Gamechangers is about a new generation of companies who are changing, or who have changed paradigms. He has a ten point formula for changing the game, and an astonishing cornucopia of examples, set out by category: retail, financial services, health, gadgets, media, fashion, travel, food and technology. Despite Fisk’s success with his ‘Genius’ series, I think Gamechangers will become his defining work - his Tipping Point, or indeed given the subject matter, his Eat the Big Fish. There is a lot in common between Gamechangers and Eat the Big Fish. Fisk and Morgan have different styles. Fisk uses a punchy and presentational style I am pretty familiar with from watching a quarter of a century of pitches. Morgan and Barden write like talented journalists with a way-above-average knowledge of their subject, and a satellite’s view of both sides of the pond. Importantly, both books tell us about the future, unlike all those old-style tomes that interpreted the past.
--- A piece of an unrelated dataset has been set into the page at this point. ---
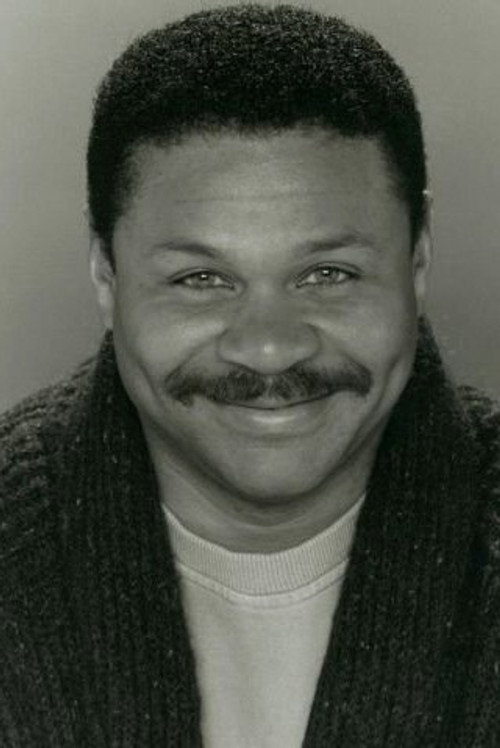 Photo of Johnie Chase, Acting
What the books also have in common is genre: they are of the ‘Wow! Isn’t that amazing?’ school, loaded with hero examples. Both have a final chapter, designed to give readers a chance to try out the theories for themselves. For me, both books are difficult to read as a piece, but maybe that was not the intention of either author. If you write a business book, you have a choice between a narrow focus and going for readability, or casting your net wide, and risking reader indigestion.
The availability of so much learning and wisdom on the internet has changed business books as it has changed so any other things. Talented authors like Morgan and Fisk, with capable research support and privileged access to countless success stories, might just as well spread their table bountifully. They can do it, and readers can take advantage of whichever items on the buffet they fancy.
We can argue about whether it is in every sense the very best way to explain how to cope with constraints, or pull off entrepreneurial feats of arms. We can also ask whether it makes sense to give away quite so much proprietary thinking. But no one can claim – in either case – that there isn’t a wealth of knowledge, insight and evidence to learn from. It is a fortunate generation of ambitious business people and marketers who are benefiting from what I call ‘Gurumax’ – the outpouring of life-changing new thinking from talented experts. But I strongly suspect that the main short term beneficiaries of A Beautiful Constraint and Gamechangers will be jobbing consultants and agencies chasing new business. They will draw hungrily on the brilliance of Morgan/Barden and Fisk to expand their range of offerings to clients. Hopefully our esteemed authors will always receive the acknowledgement and referencing they deserve!
Any marketer who doesn’t think they know it all (well, that might cut down the universe!) should buy both. My tip: don’t go for the eBooks. They would be a nightmare to navigate.